GIVEN RECORDS section start

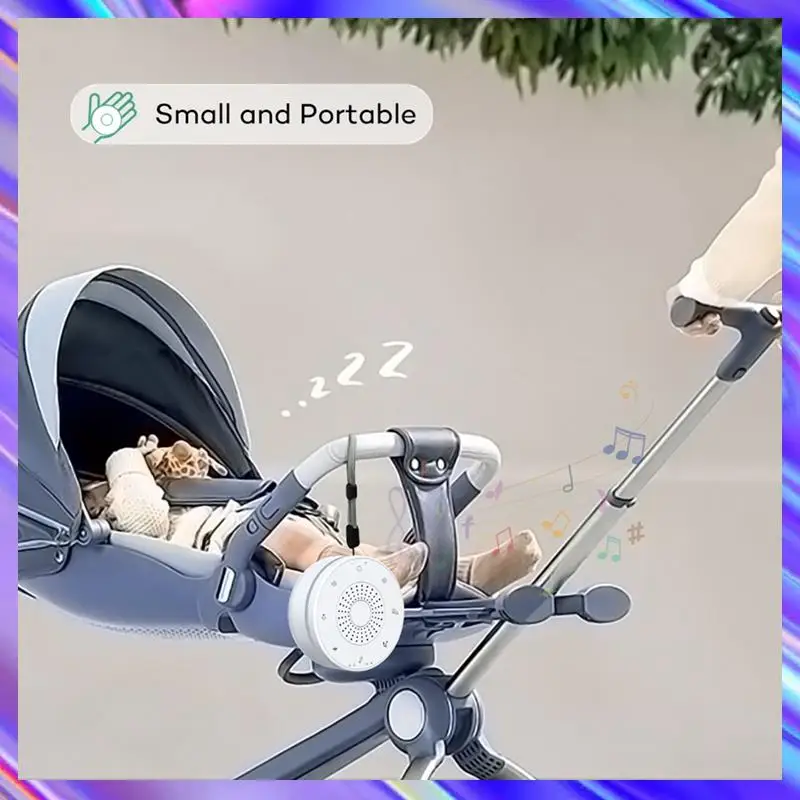

Quality Sleep White Noise Portable Sound Machine For Adults Kids Baby, With 30 Soothing Sounds,5 Color Night Light,3 Timer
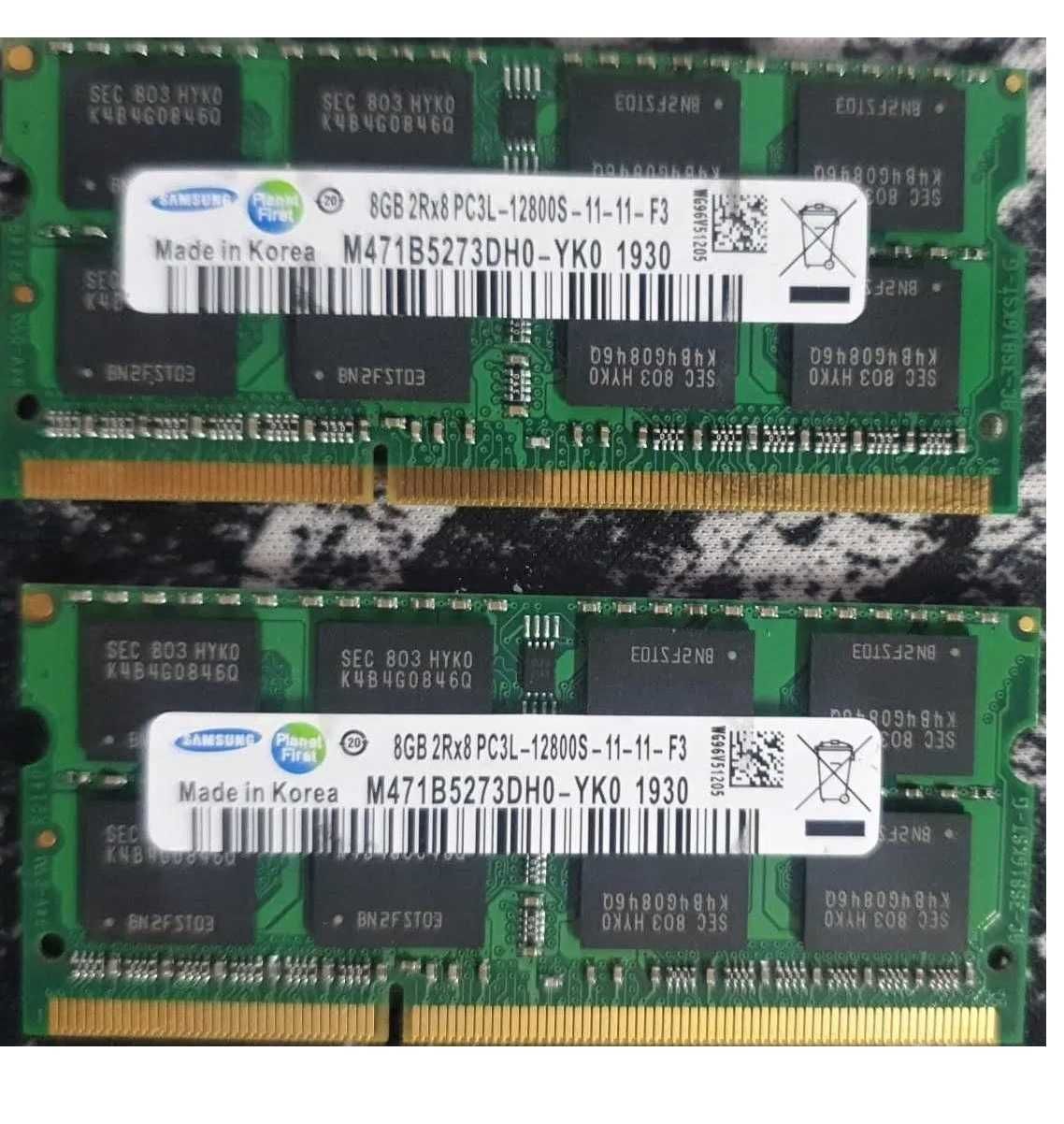 kit 16gb ddr3-2x8gb samsung pc3l-12800-11-11-f3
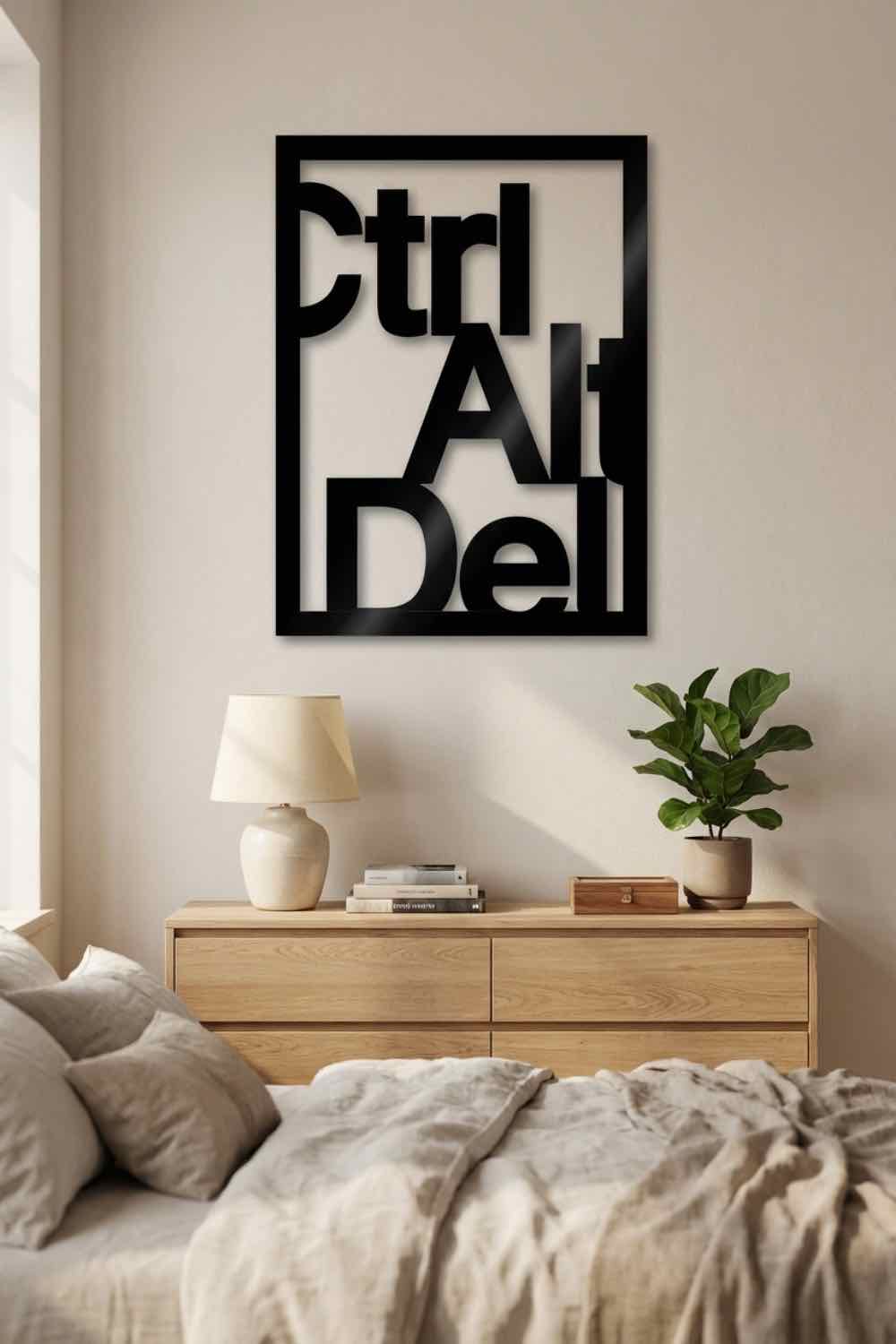 Ctrl Alt Del - Cuadro decorativo | Cortayrecorta.es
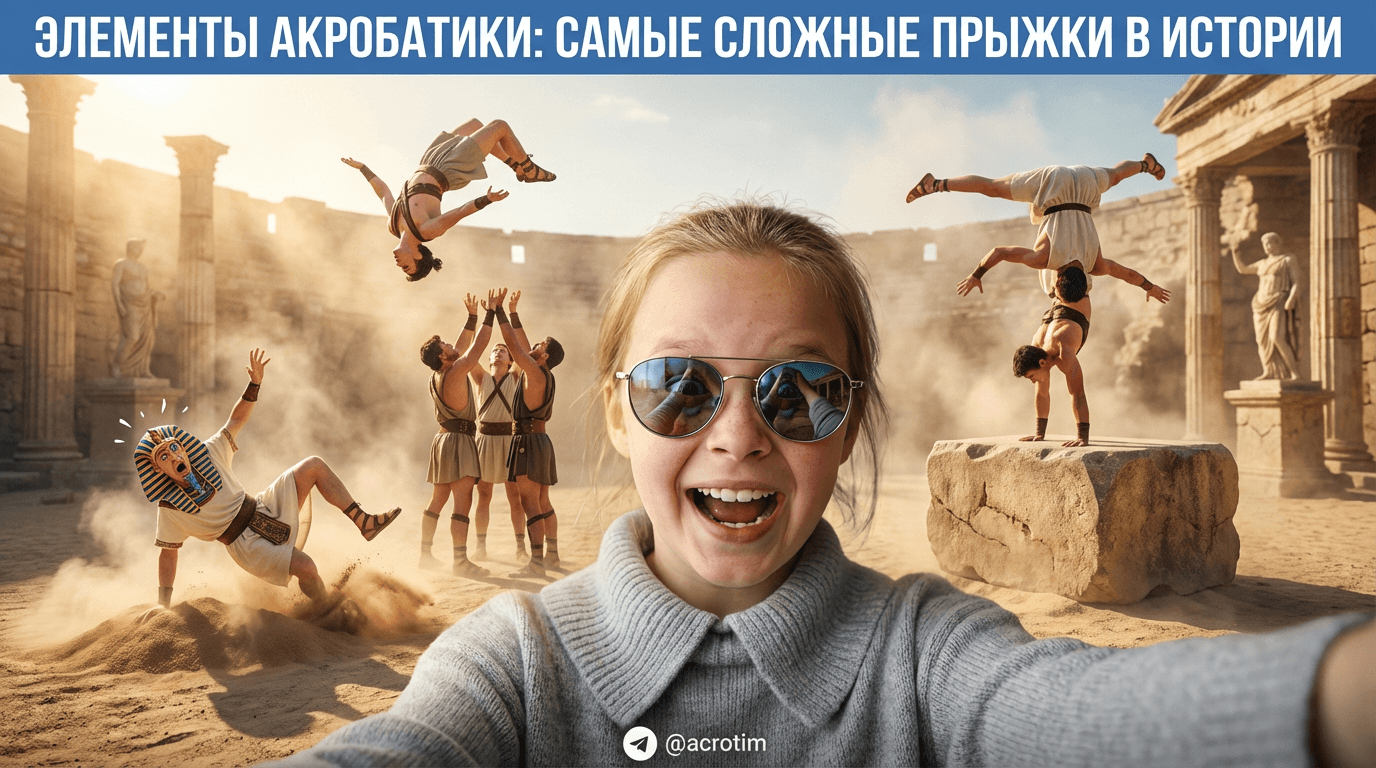 Элементы акробатики: видео самых сложных прыжков в истории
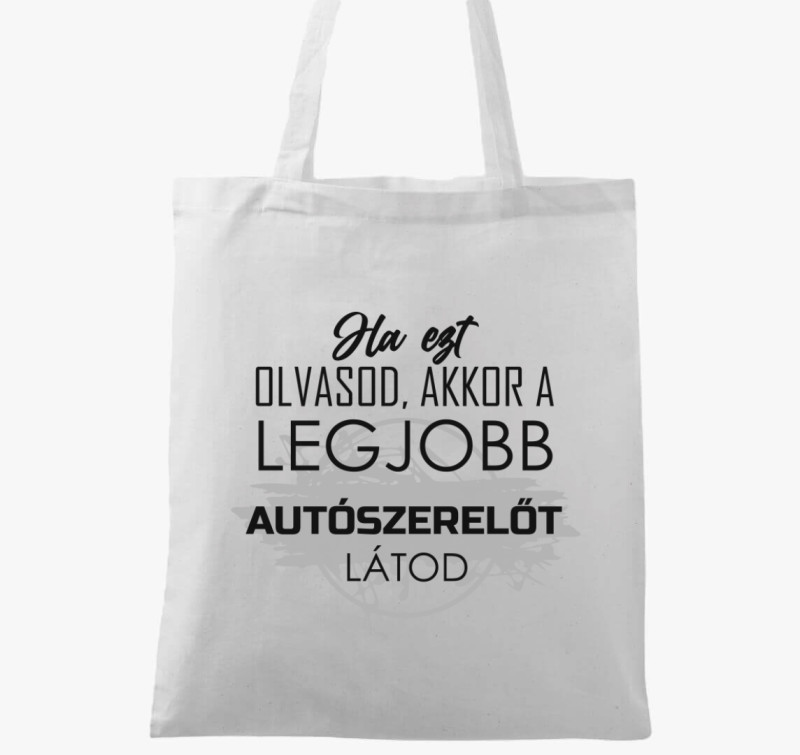 Legjobb autószerelő vászontáska — Fehér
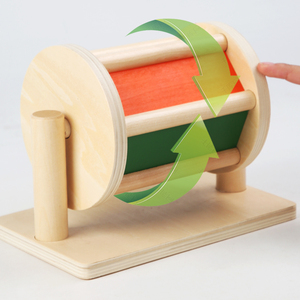 <span class=keywords><strong>Montessori</strong></span> — toupie éducatif en bois pour enfant, jouet musical aux couleurs de couleurs arc-en-ciel, tambour montesori - Product Image 4
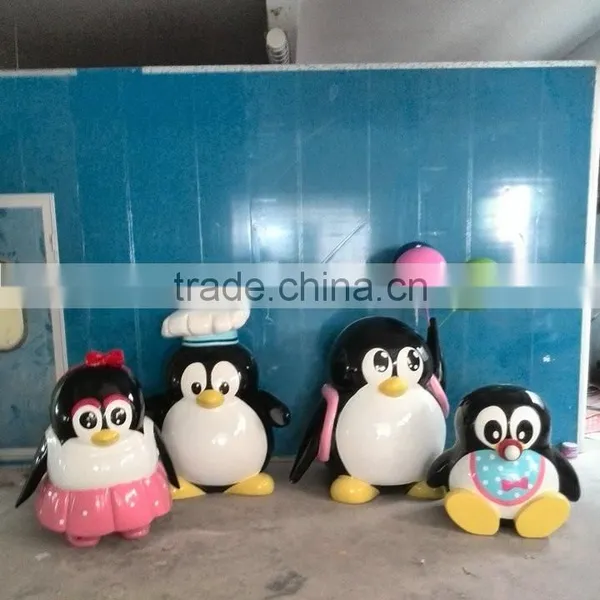 Fiberglass Cartoon Penguin Mascot photo-2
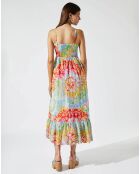 Robe Broderie tie and dye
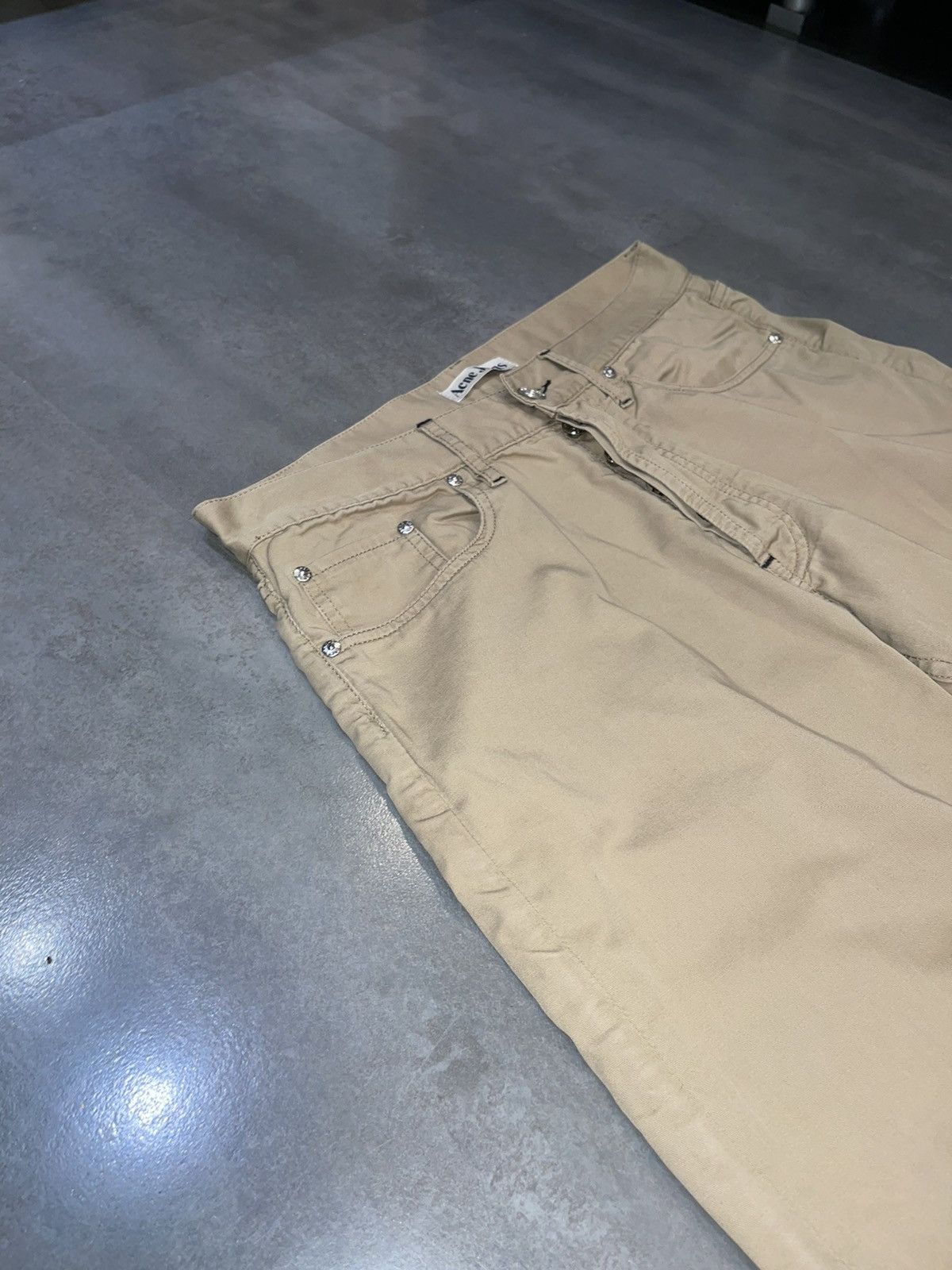 Acne Studios Acne Studios Generic Boy Dark Beige Chino Pants Size US 31 - 3 Thumbnail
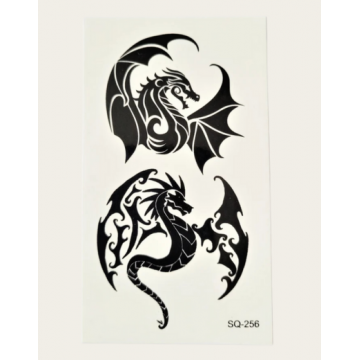 Temporary Small Tattoo Majestic Dragon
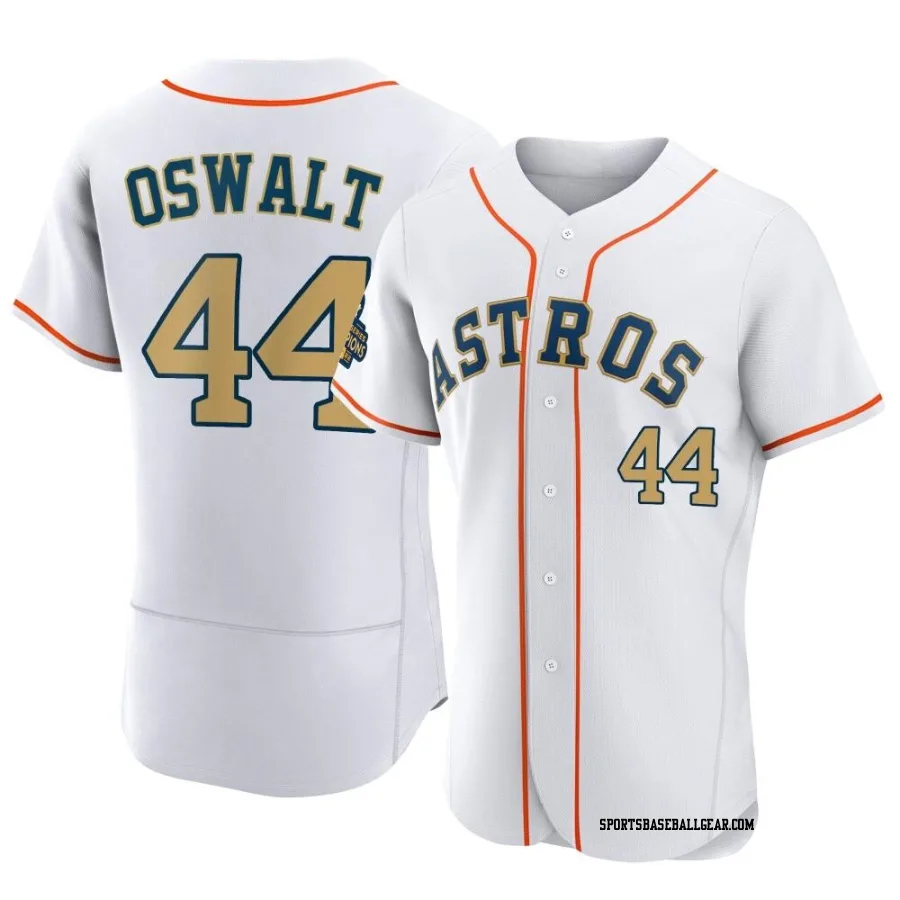 Roy Oswalt Men's Houston Astros Gold Authentic White 2023 Collection Jersey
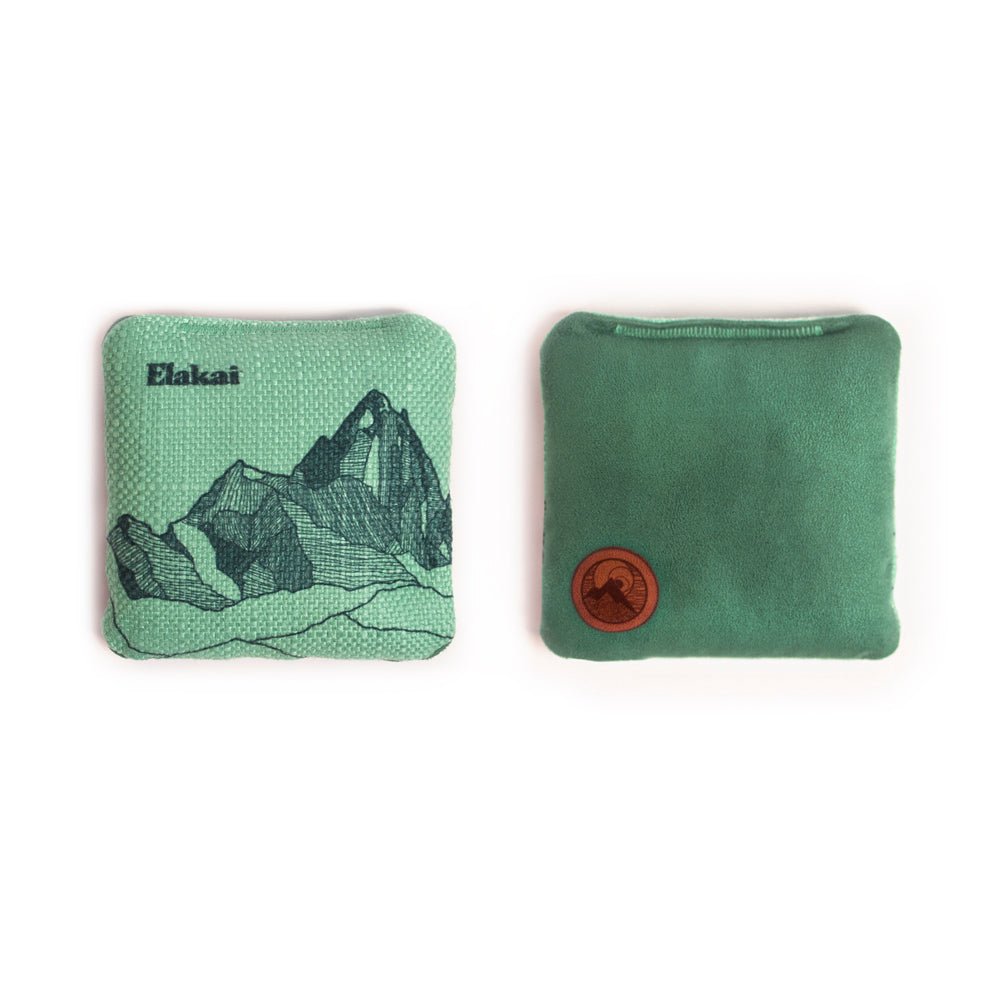 Mount Elakai Travel - Size Cornhole Bags, Aquamarine Teal - American Cornhole Association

GIVEN RECORDS section end

● **TASK**
Restate all of the material word for word. Keep out every picture.

● **ANSWER TO THIS PROBLEM**
Quality Sleep White Noise Portable Sound Machine For Adults Kids Baby, With 30 Soothing Sounds,5 Color Night Light,3 Timer
 kit 16gb ddr3-2x8gb samsung pc3l-12800-11-11-f3
 Ctrl Alt Del - Cuadro decorativo | Cortayrecorta.es
 Элементы акробатики: видео самых сложных прыжков в истории
 Legjobb autószerelő vászontáska — Fehér
 <span class=keywords><strong>Montessori</strong></span> — toupie éducatif en bois pour enfant, jouet musical aux couleurs de couleurs arc-en-ciel, tambour montesori - Product Image 4
 Fiberglass Cartoon Penguin Mascot photo-2
 Robe Broderie tie and dye
 Acne Studios Acne Studios Generic Boy Dark Beige Chino Pants Size US 31 - 3 Thumbnail
 Temporary Small Tattoo Majestic Dragon
 Roy Oswalt Men's Houston Astros Gold Authentic White 2023 Collection Jersey
 Mount Elakai Travel - Size Cornhole Bags, Aquamarine Teal - American Cornhole Association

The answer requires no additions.